Rand Paul will be in Michigan this weekend. I hope some courageous media person will ask him if he thinks that a state that spends millions inviting tourism should divest itself of those national parks and public lands that are key attractions, and should Pure Michigan become just a series of corn-dogged theme parks next to limestone quarries surrounded by fleets of hauling trucks that carry clear-cut lumber, oil, gas, and anything else that’s extractable.
We have five national parks here in Michigan, all of them historic tourist destinations, all of them essential to the character of our state and distinguishing it from others, all of them integral to our sense of who we are, and all of them frozen in the corporate cross-hairs looking like antlered trophies that will end up on the walls of private dens and board rooms.
Rand Paul, Ted Cruz, Lisa Murkowski, and many others on the right are eager to see the federal government take these parks and lands off the books and hand them over to the states where their fates will be determined by the caprice of local politics and politicians, many of whom cannot bear the notion of any assets being held in common by we-the-people. (It was only a few months ago that Senator Murkowski [Alaska] introduced and got passed a non-binding resolution to do this very thing.) The conservatives want to rescind the forward-thinking Act of Teddy Roosevelt who dedicated over 230 million acres of open land to the public and started the U.S. Forest Service to manage it. It was to be there as a national expression of our respect for our land and regard for its natural resources.
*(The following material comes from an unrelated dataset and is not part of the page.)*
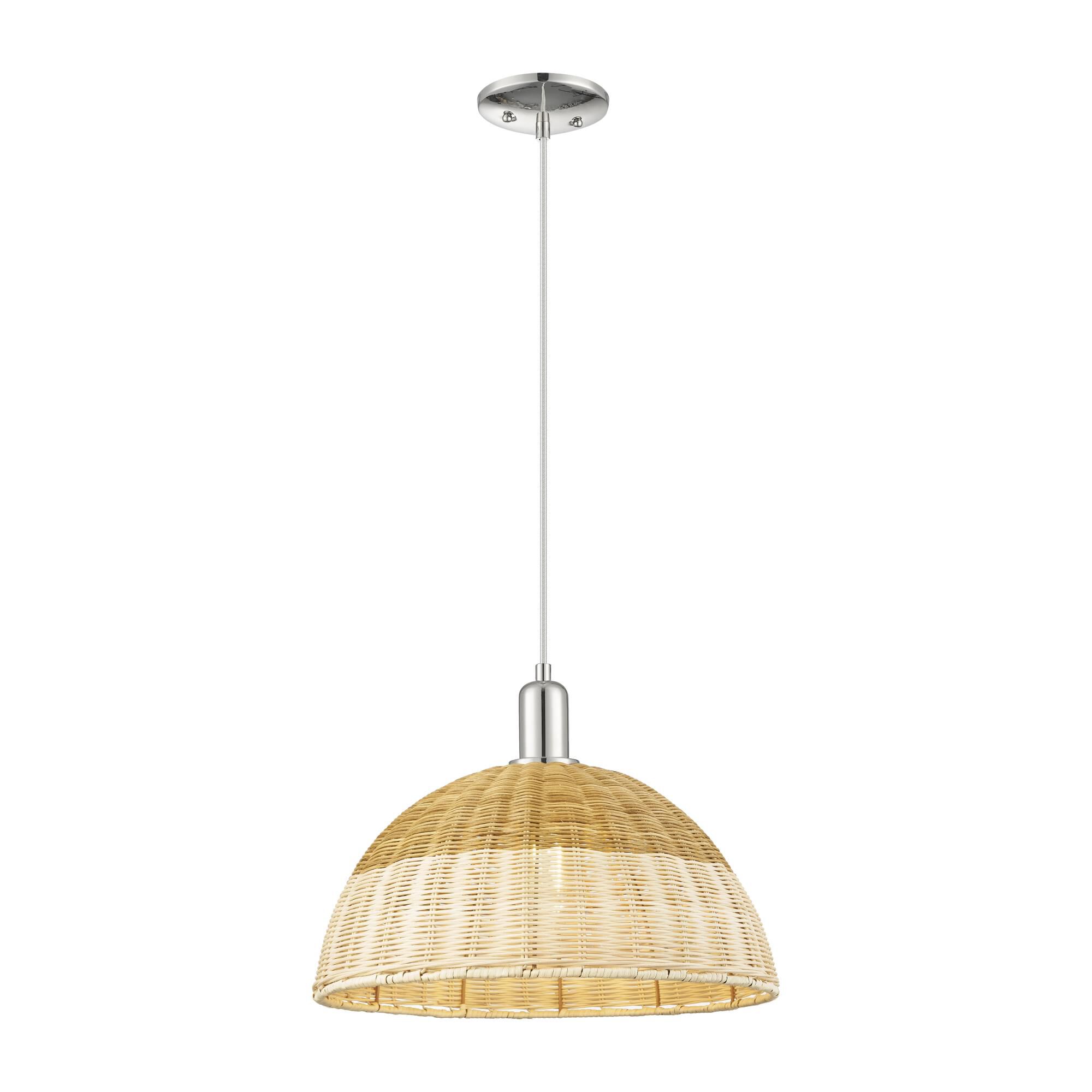 Shown in Polished Nickel finish and Natural Fiber shade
The money driving the continuing privatization propaganda campaign and buying the votes of politicians comes from the usual suspects, most notably the Koch Brothers, who seem to have never seen a lakeshore or waterfall they didn’t want to plant an oil rig or fracking operation near. The Kochs and other fossil fuel interests have funded PERC, Property and Environment Research Center, a conservative group that has long advocated for privatizing public lands and parks ever since the days when economist Milton Friedman advised conservative presidential candidate Barry Goldwater to call for deregulating the energy, airline and telephone industries and “dismantling” the Social Security system and national parks.
PERC is relentless and has spent recent months once again pushing to give the states control of all public lands so they can be sold to the oil and gas industries and others who they claim have the wealth to operate and maintain them. It’s more ginning up of the “Sagebrush Rebellion Act” drafted by ALEC a couple of years ago when some of the conservative Western states were rabid for control of public lands. They make it sound like privatization was an act of sublime charity work for the states, relieving them of the costs of maintenance, but most Michiganders know how this movie ends. A year ago, Eclectablog put out a call to action, something we can expect to do over and over again as we maintain our vigilance over and stewardship of Michigan’s especially lush part of the planet.